Copy out the entire listing below exactly, but without its pictures.

**MATERIAL PROVIDED**
──────
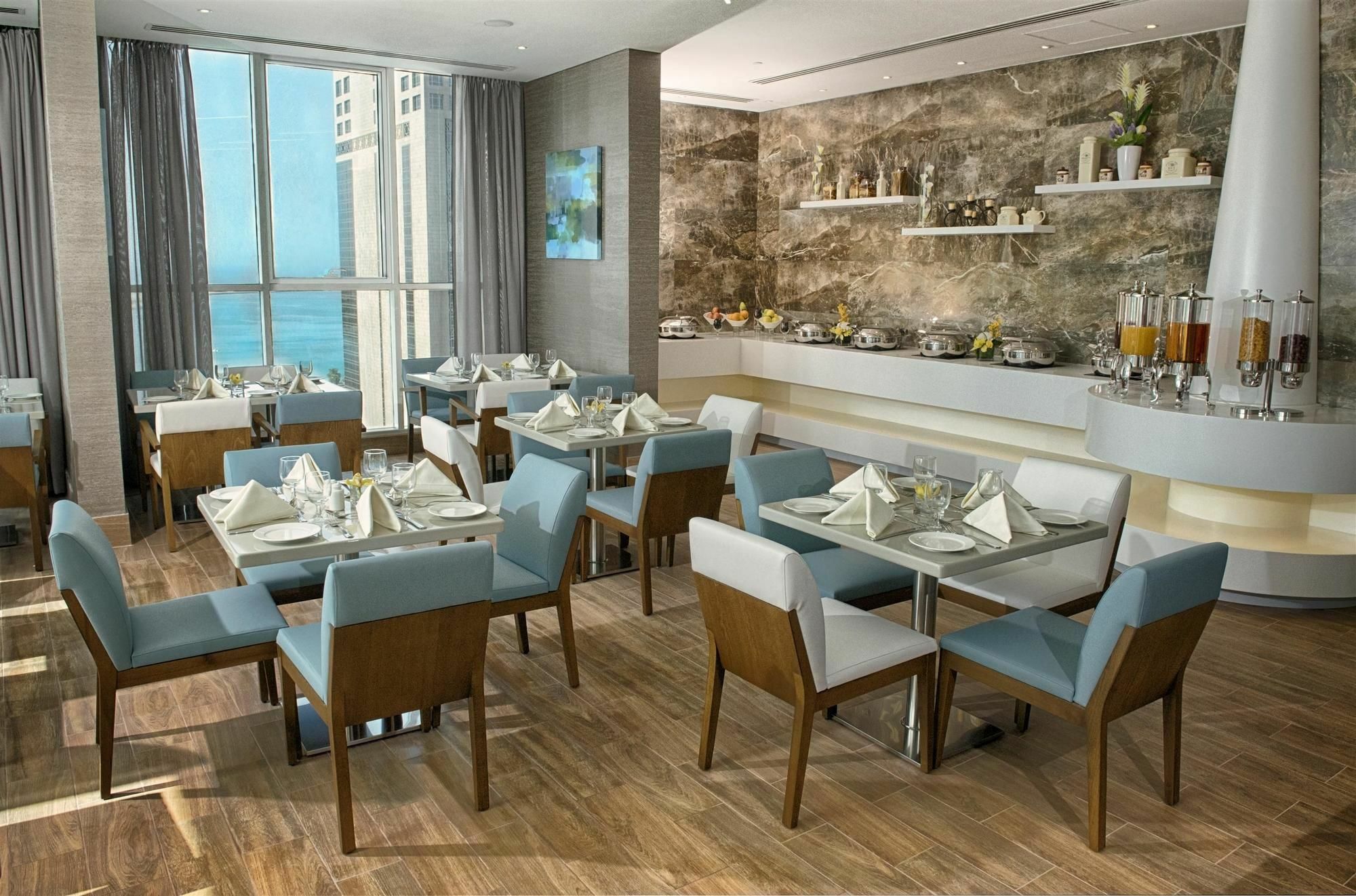 Tryp By Wyndham Abu Dhabi City Center Εξωτερικό φωτογραφία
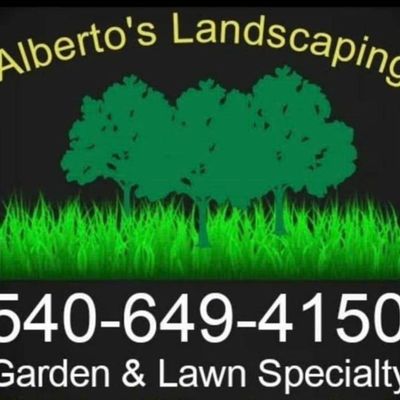Avatar for Alberto's Landscaping & House Cleaning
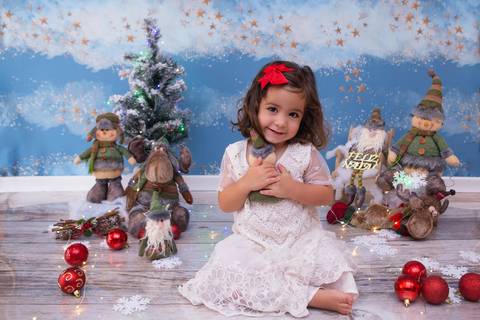 ensaio de natal christmans baby bebe letícia franco fotografia lua nova art e foto brasília brasilia df'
──────
**EXERCISE OUTPUT**
 Tryp By Wyndham Abu Dhabi City Center Εξωτερικό φωτογραφία
Avatar for Alberto's Landscaping & House Cleaning
 ensaio de natal christmans baby bebe letícia franco fotografia lua nova art e foto brasília brasilia df'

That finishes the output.